##### Given information #####

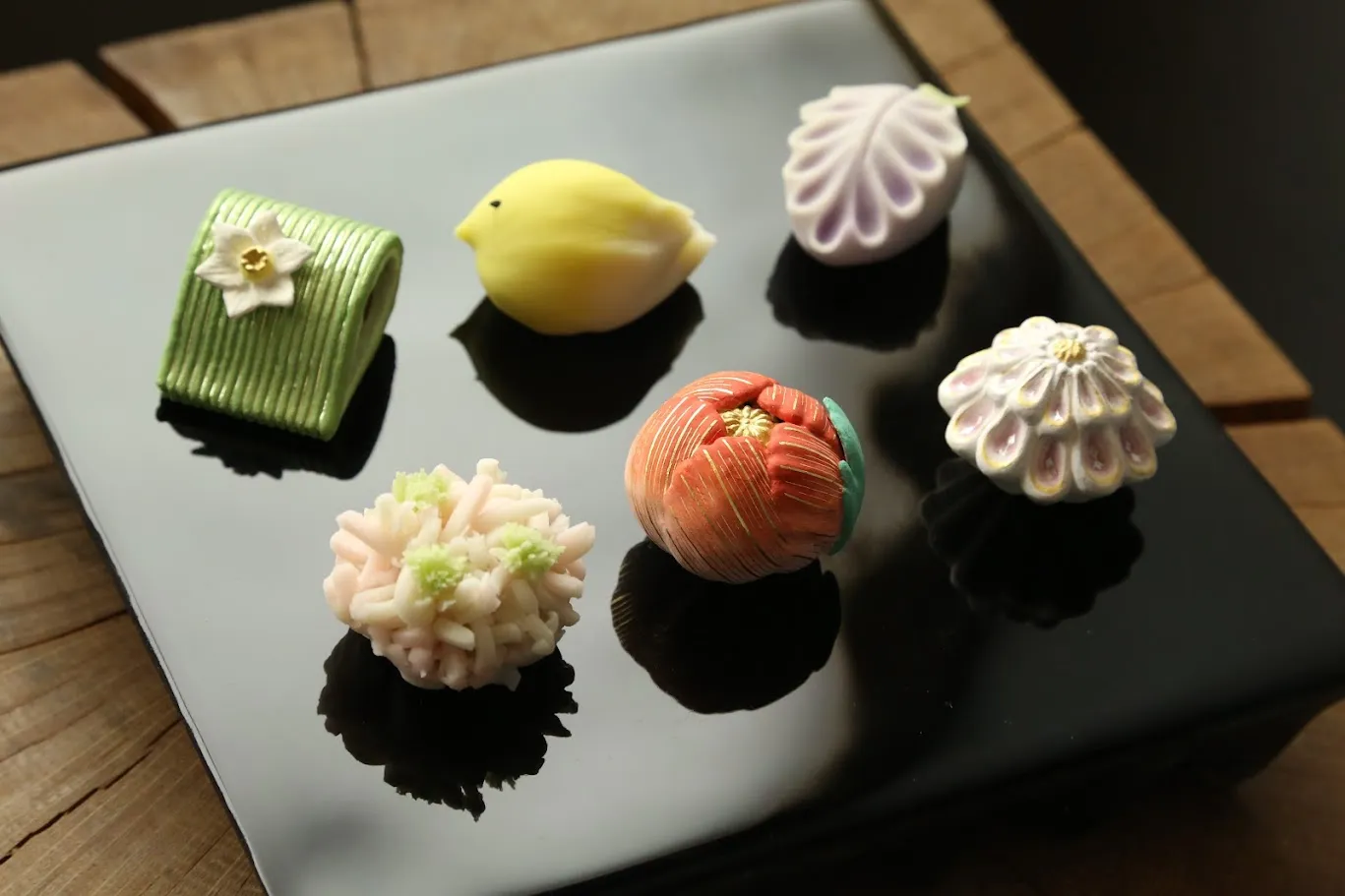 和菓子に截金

#####
##### Given information #####

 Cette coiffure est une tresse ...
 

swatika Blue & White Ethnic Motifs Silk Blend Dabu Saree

#####
##### Given information #####

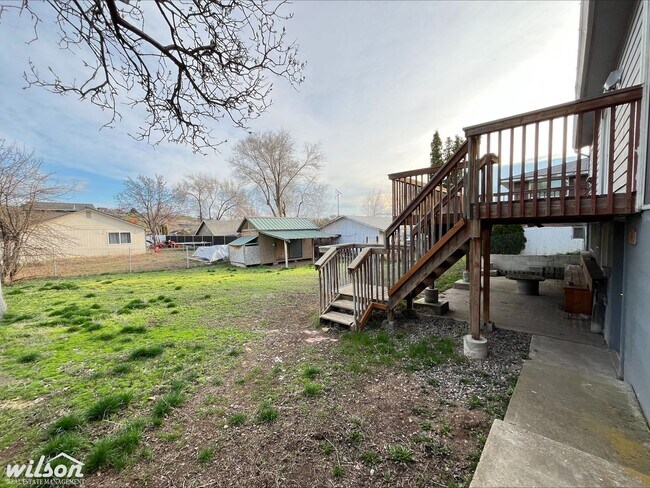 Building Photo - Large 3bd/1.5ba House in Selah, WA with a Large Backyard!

#####

Your objective:
Looking at the entries above, can you reproduce exactly the lines from the one that holds "Cette coiffure est une tresse ..." through the one that holds "swatika Blue &", and only those?

Written solution:
 Cette coiffure est une tresse ...
 

swatika Blue & White Ethnic Motifs Silk Blend Dabu Saree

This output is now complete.